A JAX implementation of the UPGrad (Unconflicting Projection of Gradients) aggregator from the paper Jacobian Descent for Multi-Objective Optimization (Quinton & Rey, 2024).

This is a JAX equivalent of torchjd.aggregation.UPGrad. Two QP solvers are available:

qpax (default): Primal-dual interior point method. Direct solver equivalent to quadprog used by TorchJD --- exact to machine precision (~1e-12 in float64).
nesterov_pgd: Nesterov-accelerated projected gradient descent. Pure JAX with no external dependencies --- accurate to ~1e-10, faster on small problems.

1. Installation

JaxJD requires JAX. The default solver also requires qpax:

pip install jax jaxlib qpax

If you only want the nesterov_pgd solver (no extra dependencies beyond JAX):

pip install jax jaxlib

Then import from the JaxJD folder:

from JaxJD.upgrad import upgrad, upgrad_weighting

2. Quick Start

import jax
jax.config.update("jax_enable_x64", True)
import jax.numpy as jnp
from JaxJD.upgrad import upgrad

# A Jacobian matrix: 2 objectives, 3 parameters
J = jnp.array([[-4.0, 1.0, 1.0],
               [ 6.0, 1.0, 1.0]])

# Aggregate using qpax (default, exact)
result = upgrad(J)
print(result)  # [0.2929, 1.9004, 1.9004]

# Or use Nesterov PGD (no extra dependencies, slightly less precise)
result = upgrad(J, solver="nesterov_pgd")
print(result)  # [0.2929, 1.9004, 1.9004]

That is it. One function call. The result is a single gradient vector that respects both objectives --- neither loss will get worse if you step in this direction.

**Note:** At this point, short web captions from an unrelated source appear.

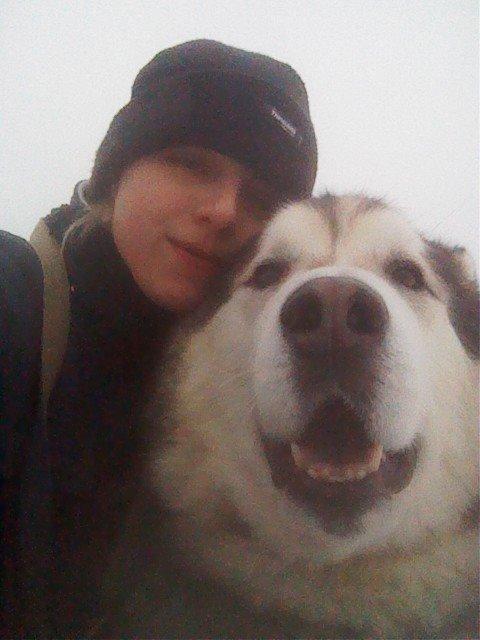 Alaskan malamute Ricky - 200114 Selfe' med den smukke - Gø og Gokke på tur billede 29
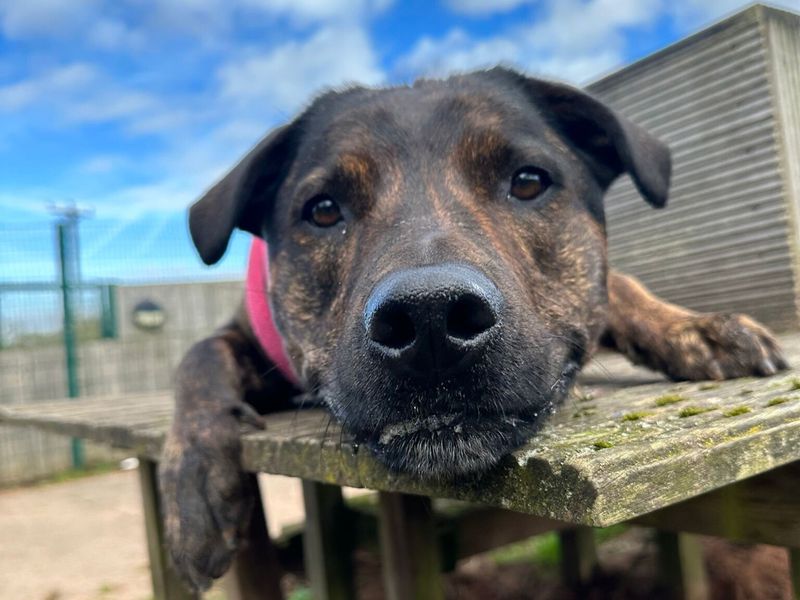Mastiff for adoption in Wymeswold, Leicestershire – 5 years old - Image 9 of 10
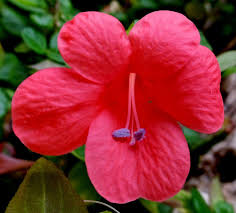 Image result for Barleria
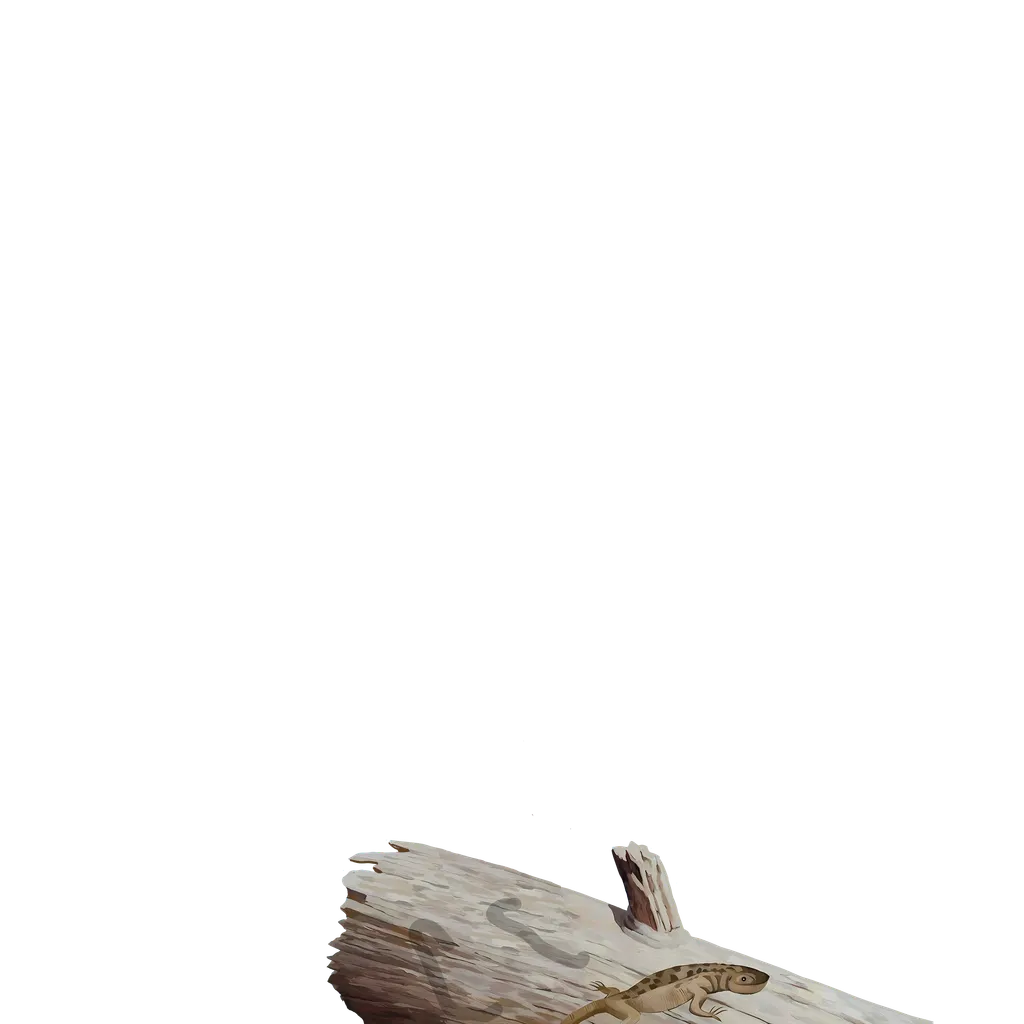 inscription d21de1e7164f98a10076f30cc33b3f21b61566e0da5b53af964d63c69ff93ac6i7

3. Full Training Example Step by Step

This section walks through a complete training loop. We will train a small neural network that has two objectives (two loss functions) and use UPGrad to combine their gradients at every step.

3.1. The Problem

We have:

A neural network: Linear(10, 5) -> ReLU -> Linear(5, 2) (two output columns)
Input: a batch of 16 vectors, each of length 10
Two targets: one for each output column
Two MSE losses: one per target

The challenge is: how do we update the model so that both losses go down? If the gradients from the two losses point in different directions (they conflict), a naive average might make one loss worse. UPGrad solves this.

3.2. Setup

import jax
jax.config.update("jax_enable_x64", True)  # Use float64 for precision
import jax.numpy as jnp
import numpy as np
from JaxJD.upgrad import upgrad

3.3. Define the Model

In JAX, there are no nn.Module classes. Instead, parameters are plain dictionaries and the forward pass is a pure function.

def init_params(key):
    """Create random initial weights."""
    k1, k2, k3, k4 = jax.random.split(key, 4)
    return {
        "w1": jax.random.normal(k1, (5, 10)) * 0.1,   # Linear layer 1: 10 -> 5
        "b1": jnp.zeros(5),
        "w2": jax.random.normal(k3, (2, 5)) * 0.1,    # Linear layer 2: 5 -> 2
        "b2": jnp.zeros(2),
    }

def forward(params, x):
    """Forward pass: Linear -> ReLU -> Linear."""
    h = x @ params["w1"].T + params["b1"]   # Shape: (batch, 5)
    h = jnp.maximum(h, 0.0)                 # ReLU
    out = h @ params["w2"].T + params["b2"] # Shape: (batch, 2)
    return out

3.4. Define the Losses

Each loss function takes the full parameter dictionary and returns a scalar.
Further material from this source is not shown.